• [WHAT TO PRODUCE]: From the entries below, write out exactly the lines between the line holding "Maxcorners Custom Name" and the line holding "Quilted Cosmetic Bag - Blue Sweet Pea", inclusive, excluding any pictures.

• [INPUT MATERIAL]:
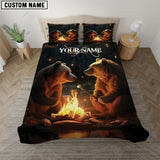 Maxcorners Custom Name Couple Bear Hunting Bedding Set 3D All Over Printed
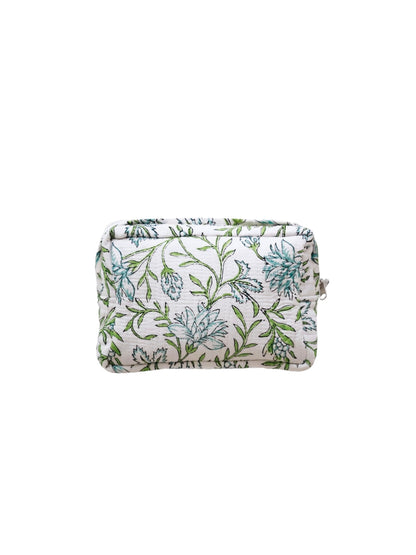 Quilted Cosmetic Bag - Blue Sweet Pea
* * *
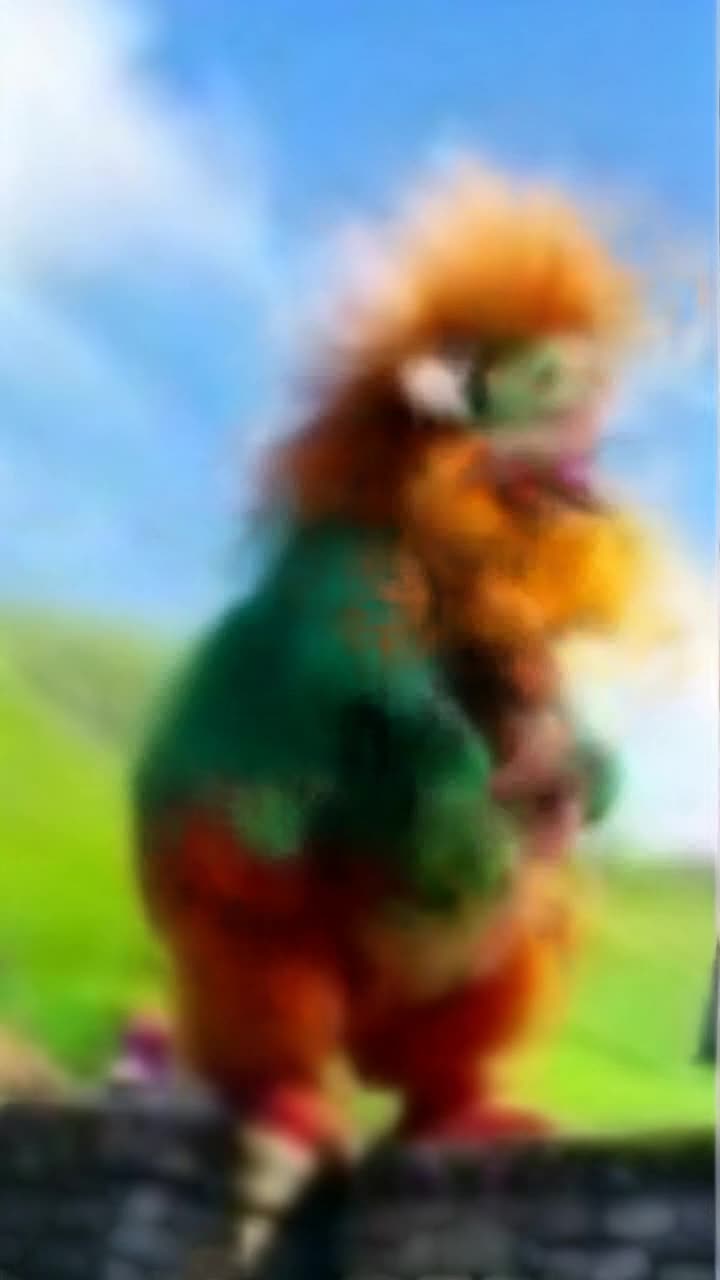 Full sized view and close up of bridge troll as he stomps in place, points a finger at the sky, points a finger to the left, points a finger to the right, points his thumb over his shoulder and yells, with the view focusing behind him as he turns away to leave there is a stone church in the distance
* * *
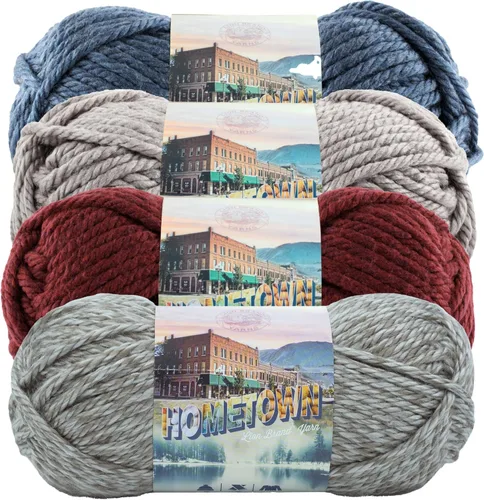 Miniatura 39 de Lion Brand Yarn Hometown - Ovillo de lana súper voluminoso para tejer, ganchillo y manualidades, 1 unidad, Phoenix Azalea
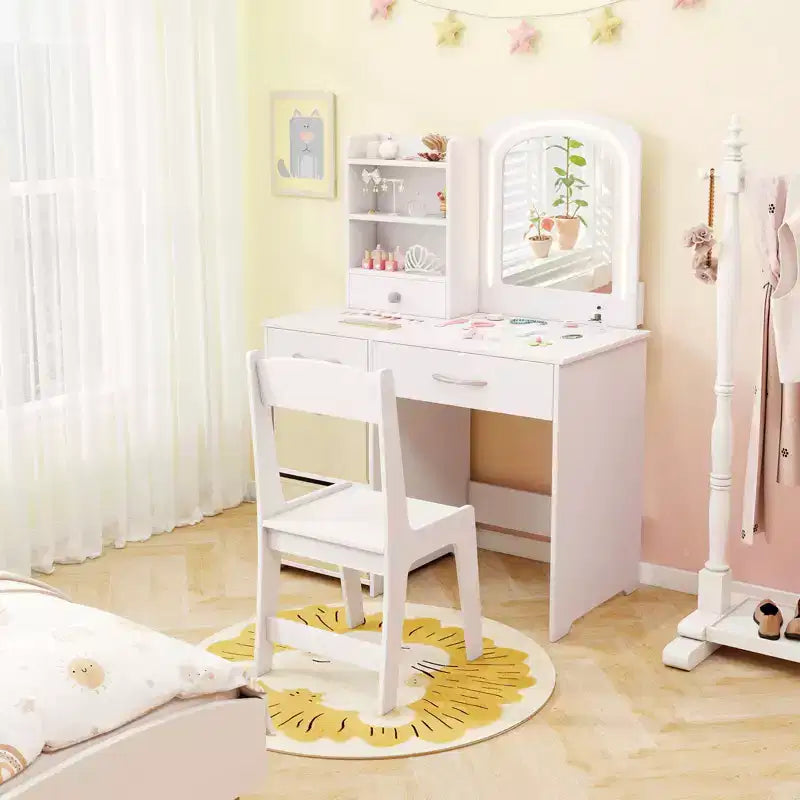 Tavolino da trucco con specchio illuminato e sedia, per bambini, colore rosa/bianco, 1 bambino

• [WRITTEN RESPONSE]:
 Maxcorners Custom Name Couple Bear Hunting Bedding Set 3D All Over Printed
 Quilted Cosmetic Bag - Blue Sweet Pea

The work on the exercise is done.